WHAT TO PRODUCE: Write out exactly the lines from the first line of the records below through the line that contains "Curved Oak-Tone Coffee Table", and stop there.

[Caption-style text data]
********************
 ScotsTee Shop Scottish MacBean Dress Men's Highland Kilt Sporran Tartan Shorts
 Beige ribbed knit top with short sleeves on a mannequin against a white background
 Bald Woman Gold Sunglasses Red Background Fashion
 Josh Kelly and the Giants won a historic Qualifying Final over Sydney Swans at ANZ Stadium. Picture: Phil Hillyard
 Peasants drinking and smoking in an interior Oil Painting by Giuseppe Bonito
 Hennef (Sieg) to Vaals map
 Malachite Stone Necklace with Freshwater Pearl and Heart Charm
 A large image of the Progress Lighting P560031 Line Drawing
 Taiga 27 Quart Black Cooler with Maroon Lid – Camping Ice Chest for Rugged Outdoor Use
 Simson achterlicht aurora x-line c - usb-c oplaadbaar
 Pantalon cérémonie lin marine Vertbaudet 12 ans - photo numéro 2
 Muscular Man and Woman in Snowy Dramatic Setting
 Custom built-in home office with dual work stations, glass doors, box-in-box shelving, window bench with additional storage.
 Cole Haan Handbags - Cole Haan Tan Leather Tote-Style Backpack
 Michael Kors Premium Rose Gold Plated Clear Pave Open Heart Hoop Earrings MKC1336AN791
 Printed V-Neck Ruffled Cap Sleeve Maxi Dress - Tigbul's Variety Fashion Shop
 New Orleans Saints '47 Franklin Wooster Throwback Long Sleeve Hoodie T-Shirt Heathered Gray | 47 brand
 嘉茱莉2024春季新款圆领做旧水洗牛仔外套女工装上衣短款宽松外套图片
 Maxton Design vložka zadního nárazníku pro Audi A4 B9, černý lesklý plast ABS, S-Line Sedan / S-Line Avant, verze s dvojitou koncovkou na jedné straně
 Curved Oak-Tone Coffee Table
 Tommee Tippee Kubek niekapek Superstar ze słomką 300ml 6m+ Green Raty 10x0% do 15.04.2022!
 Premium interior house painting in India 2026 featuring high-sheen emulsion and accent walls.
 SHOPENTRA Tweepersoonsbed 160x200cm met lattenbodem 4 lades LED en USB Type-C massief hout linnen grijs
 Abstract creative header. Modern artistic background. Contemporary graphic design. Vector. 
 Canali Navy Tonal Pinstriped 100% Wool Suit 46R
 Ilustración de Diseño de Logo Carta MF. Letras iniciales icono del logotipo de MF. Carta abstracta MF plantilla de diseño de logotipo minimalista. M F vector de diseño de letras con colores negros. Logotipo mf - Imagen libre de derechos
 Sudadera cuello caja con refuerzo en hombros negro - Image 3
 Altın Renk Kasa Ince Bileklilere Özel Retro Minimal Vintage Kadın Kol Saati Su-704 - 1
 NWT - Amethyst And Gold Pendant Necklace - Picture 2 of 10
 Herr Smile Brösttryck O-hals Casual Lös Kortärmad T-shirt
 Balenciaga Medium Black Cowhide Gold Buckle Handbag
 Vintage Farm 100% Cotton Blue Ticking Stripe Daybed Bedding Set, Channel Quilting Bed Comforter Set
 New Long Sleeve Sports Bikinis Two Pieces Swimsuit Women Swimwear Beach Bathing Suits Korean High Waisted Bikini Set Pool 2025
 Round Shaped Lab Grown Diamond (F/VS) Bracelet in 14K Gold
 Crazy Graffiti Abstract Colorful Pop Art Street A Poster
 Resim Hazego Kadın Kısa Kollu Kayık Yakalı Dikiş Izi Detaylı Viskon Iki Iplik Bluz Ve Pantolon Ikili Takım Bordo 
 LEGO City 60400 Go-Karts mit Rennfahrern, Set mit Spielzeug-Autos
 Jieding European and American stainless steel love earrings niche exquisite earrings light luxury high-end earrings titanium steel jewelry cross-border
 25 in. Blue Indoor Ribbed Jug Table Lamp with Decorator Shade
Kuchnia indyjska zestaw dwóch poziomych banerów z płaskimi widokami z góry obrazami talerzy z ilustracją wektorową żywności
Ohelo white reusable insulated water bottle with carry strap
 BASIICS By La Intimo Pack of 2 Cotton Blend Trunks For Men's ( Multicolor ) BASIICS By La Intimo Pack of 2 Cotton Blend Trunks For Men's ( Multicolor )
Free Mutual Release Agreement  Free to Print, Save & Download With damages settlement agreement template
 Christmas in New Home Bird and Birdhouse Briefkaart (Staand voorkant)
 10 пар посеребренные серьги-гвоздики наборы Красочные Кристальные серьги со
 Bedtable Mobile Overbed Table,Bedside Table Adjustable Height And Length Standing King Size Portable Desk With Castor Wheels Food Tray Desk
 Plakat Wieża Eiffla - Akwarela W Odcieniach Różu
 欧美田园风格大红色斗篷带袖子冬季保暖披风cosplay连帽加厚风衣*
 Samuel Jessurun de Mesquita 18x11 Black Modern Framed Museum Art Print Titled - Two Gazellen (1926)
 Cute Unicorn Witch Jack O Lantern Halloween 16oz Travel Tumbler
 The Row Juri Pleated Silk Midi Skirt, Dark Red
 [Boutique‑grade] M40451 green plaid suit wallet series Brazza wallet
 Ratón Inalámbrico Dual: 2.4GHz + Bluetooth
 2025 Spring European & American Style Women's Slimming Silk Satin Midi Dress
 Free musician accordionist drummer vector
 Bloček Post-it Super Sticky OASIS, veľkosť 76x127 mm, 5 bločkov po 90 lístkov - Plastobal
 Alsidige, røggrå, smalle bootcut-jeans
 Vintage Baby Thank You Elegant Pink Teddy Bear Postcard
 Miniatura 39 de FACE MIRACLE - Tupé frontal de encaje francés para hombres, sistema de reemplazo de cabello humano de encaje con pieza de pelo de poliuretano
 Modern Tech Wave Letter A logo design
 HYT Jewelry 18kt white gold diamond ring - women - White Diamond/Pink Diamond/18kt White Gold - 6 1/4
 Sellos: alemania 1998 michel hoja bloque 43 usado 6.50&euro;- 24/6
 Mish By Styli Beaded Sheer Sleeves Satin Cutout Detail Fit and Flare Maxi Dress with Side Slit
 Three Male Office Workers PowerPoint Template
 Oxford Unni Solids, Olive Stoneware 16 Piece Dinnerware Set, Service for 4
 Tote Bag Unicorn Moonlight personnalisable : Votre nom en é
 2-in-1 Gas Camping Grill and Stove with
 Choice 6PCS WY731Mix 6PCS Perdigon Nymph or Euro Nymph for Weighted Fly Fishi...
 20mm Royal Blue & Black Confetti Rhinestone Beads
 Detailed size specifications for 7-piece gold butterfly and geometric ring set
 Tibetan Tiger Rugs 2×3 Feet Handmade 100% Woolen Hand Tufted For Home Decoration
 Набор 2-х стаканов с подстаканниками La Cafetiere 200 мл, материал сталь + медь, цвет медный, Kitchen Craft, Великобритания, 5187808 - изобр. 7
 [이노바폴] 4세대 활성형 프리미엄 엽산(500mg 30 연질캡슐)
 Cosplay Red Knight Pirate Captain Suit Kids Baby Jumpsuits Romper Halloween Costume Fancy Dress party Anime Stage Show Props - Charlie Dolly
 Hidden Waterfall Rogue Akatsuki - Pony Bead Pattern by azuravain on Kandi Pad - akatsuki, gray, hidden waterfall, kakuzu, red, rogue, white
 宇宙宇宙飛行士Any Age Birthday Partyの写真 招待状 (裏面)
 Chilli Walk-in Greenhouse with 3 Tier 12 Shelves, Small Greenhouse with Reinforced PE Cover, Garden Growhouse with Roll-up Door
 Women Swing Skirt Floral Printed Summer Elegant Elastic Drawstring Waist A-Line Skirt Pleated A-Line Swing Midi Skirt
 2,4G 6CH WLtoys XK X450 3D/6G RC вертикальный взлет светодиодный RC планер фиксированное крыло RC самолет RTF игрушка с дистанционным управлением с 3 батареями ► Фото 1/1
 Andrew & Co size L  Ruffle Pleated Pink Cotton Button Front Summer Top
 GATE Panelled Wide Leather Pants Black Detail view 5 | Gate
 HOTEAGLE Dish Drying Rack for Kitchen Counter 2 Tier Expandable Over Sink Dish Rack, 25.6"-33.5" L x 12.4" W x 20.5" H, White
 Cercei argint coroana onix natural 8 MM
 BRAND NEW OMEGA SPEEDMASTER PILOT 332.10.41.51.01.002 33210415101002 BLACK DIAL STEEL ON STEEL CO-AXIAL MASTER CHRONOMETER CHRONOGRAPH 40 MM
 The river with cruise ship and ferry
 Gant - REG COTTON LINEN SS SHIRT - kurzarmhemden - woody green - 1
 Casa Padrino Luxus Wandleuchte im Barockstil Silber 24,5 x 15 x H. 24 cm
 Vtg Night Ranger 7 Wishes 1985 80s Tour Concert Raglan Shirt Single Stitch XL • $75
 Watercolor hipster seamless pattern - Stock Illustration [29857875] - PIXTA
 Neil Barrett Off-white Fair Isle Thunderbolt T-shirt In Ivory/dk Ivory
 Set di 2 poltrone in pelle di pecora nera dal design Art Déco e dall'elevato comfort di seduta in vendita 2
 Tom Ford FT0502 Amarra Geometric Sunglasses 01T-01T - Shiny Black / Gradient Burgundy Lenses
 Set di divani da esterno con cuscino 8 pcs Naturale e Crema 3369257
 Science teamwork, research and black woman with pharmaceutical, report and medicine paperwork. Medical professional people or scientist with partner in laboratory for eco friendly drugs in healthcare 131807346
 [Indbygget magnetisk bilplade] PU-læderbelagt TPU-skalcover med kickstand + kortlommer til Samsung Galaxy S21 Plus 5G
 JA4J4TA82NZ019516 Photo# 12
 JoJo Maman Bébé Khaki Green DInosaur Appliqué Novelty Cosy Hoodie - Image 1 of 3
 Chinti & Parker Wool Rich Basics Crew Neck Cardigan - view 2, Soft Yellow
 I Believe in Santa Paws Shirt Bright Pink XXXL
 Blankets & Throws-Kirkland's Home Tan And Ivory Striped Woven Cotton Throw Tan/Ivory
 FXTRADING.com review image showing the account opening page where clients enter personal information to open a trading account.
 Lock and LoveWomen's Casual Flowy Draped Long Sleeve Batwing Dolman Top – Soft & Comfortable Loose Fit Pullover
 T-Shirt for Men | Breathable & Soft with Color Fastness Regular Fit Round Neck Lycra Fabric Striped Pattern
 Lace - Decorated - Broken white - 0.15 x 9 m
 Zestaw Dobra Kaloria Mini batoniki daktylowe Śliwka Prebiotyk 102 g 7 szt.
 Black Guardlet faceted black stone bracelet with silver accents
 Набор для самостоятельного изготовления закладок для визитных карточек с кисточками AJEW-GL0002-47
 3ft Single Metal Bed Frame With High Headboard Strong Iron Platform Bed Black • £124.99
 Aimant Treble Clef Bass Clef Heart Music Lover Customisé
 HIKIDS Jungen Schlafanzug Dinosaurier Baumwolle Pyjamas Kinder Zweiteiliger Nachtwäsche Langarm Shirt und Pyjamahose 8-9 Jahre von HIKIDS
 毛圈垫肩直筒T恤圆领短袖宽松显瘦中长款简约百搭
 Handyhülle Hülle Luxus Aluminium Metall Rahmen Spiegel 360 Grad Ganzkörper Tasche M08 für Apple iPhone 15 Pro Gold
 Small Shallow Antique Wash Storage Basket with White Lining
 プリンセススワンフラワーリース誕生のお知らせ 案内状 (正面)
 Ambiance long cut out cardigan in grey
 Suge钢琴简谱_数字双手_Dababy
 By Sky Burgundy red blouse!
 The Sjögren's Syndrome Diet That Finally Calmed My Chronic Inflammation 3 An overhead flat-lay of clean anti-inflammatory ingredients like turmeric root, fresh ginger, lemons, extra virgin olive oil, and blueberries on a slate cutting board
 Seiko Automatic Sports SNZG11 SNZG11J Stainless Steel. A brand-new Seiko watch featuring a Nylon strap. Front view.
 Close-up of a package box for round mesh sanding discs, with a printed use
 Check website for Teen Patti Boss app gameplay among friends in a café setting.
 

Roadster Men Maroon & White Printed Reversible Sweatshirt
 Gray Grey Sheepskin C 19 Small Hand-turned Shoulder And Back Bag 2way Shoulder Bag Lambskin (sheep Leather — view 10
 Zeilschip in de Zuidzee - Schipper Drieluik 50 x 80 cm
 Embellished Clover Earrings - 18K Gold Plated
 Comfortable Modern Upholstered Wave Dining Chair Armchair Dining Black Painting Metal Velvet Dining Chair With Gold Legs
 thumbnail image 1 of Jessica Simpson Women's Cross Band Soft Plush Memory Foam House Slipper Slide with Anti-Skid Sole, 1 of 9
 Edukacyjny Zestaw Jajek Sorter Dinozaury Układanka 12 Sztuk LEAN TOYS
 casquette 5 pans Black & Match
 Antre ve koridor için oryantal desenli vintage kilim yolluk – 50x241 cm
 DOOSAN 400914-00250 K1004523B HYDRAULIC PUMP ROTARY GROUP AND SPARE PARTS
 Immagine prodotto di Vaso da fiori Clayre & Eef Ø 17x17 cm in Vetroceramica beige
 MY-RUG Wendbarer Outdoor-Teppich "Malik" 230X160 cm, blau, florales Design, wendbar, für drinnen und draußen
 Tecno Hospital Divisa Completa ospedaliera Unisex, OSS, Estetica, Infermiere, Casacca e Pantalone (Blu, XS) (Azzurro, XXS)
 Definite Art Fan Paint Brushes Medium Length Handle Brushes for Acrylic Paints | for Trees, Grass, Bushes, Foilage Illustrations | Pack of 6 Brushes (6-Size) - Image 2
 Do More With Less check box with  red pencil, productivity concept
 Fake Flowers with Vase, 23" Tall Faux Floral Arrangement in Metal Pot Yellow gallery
********************
OUTPUT BELOW:
 ScotsTee Shop Scottish MacBean Dress Men's Highland Kilt Sporran Tartan Shorts
 Beige ribbed knit top with short sleeves on a mannequin against a white background
 Bald Woman Gold Sunglasses Red Background Fashion
 Josh Kelly and the Giants won a historic Qualifying Final over Sydney Swans at ANZ Stadium. Picture: Phil Hillyard
 Peasants drinking and smoking in an interior Oil Painting by Giuseppe Bonito
 Hennef (Sieg) to Vaals map
 Malachite Stone Necklace with Freshwater Pearl and Heart Charm
 A large image of the Progress Lighting P560031 Line Drawing
 Taiga 27 Quart Black Cooler with Maroon Lid – Camping Ice Chest for Rugged Outdoor Use
 Simson achterlicht aurora x-line c - usb-c oplaadbaar
 Pantalon cérémonie lin marine Vertbaudet 12 ans - photo numéro 2
 Muscular Man and Woman in Snowy Dramatic Setting
 Custom built-in home office with dual work stations, glass doors, box-in-box shelving, window bench with additional storage.
 Cole Haan Handbags - Cole Haan Tan Leather Tote-Style Backpack
 Michael Kors Premium Rose Gold Plated Clear Pave Open Heart Hoop Earrings MKC1336AN791
 Printed V-Neck Ruffled Cap Sleeve Maxi Dress - Tigbul's Variety Fashion Shop
 New Orleans Saints '47 Franklin Wooster Throwback Long Sleeve Hoodie T-Shirt Heathered Gray | 47 brand
 嘉茱莉2024春季新款圆领做旧水洗牛仔外套女工装上衣短款宽松外套图片
 Maxton Design vložka zadního nárazníku pro Audi A4 B9, černý lesklý plast ABS, S-Line Sedan / S-Line Avant, verze s dvojitou koncovkou na jedné straně
 Curved Oak-Tone Coffee Table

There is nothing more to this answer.